Chargers wide receiver Vincent Jackson held out for the first seven games of last season, was suspended for the next three and was slapped with the franchise tag before the lockout began.
Even with the lockout over, Jackson's long-term future in San Diego is uncertain -- that much is for sure.
"Vincent is a great player for us and we drafted him with high expectations," Chargers general manager A.J. Smith told the San Diego Union Tribune on Monday night. "As you know, we have decided to move slowly toward any long-term commitment at this time. But if he and his agents' five-year, $50 million position remains steadfast, the odds are extremely high that he will be headed elsewhere. We have so many players to consider -- both short-term and long-term over the next two years."
One of Jackson's agents, Neil Schwartz, did not respond to a message left by the Union-Tribune, but according to the paper, Schwartz and his partner Jonathan Feinsod have denied they have sought $50 million.
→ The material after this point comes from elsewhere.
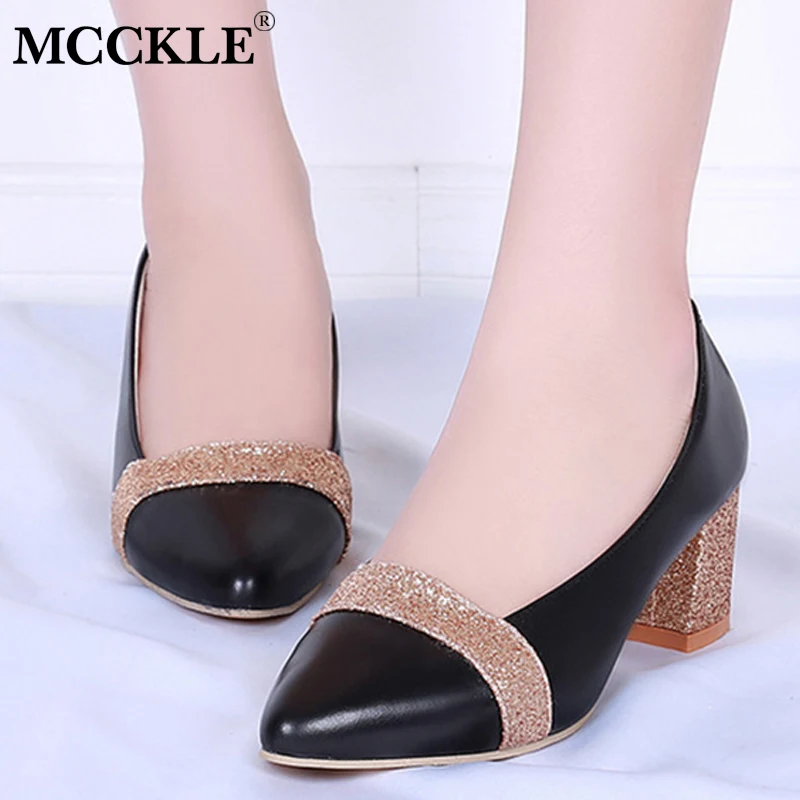 

MCCKLE Women Autumn Block High Heels Female Pointed Toe Shallow Slip On Glitter Office Shoes Ladies 2018 Fashion Footwear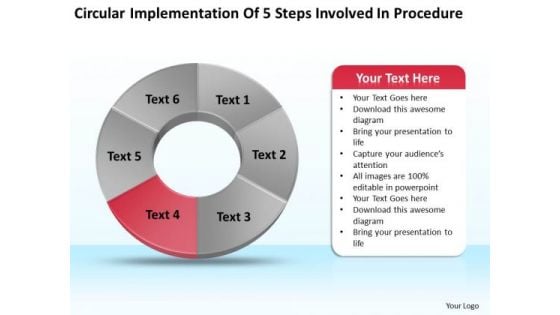 Of 5 Steps Involved Procedure Sample Business Proposal PowerPoint Templates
The Chargers, like the other 31 NFL clubs, have a short period of time to hammer out their priorities before shaping their 2011 roster in a hectic and lockout-shortened offseason.
"It's much too early to be lining up a priority list right now," Smith told the paper. "But I strongly believe to maintain a winning program that is consistently competitive and player caliber every year, you just cannot pay all your great players maximum contracts. Hard decisions must be made all the time in the NFL. We make them here. The potential of Vincent's situation being a very difficult decision for us is real, for sure."
The 28-year-old Jackson, a 6-foot-5 receiver who had consecutive 1,000-yard seasons in 2008 and 2009, received the Chargers' non-exclusive franchise tag in February, but did not sign the tag before owners initiated the lockout.
Jackson's original five-year contract expired after his 2009 Pro Bowl season. Unhappy that he didn't get a long-term deal, Jackson refused to sign a $3,268,000, one-year tender as a restricted free agent in 2010. He sat out the first seven games, then reported in time to serve a three-game suspension on the roster exempt list.
Jackson was on the active roster for the final six games to accrue a season toward unrestricted free agency. When Jackson hadn't signed the tender by June 15, the Chargers slashed their offer to 110 percent of his 2009 salary, or $583,000. Due to the games he missed, he made less than $300,000 in 2010.
Information from The Associated Press contributed to this report.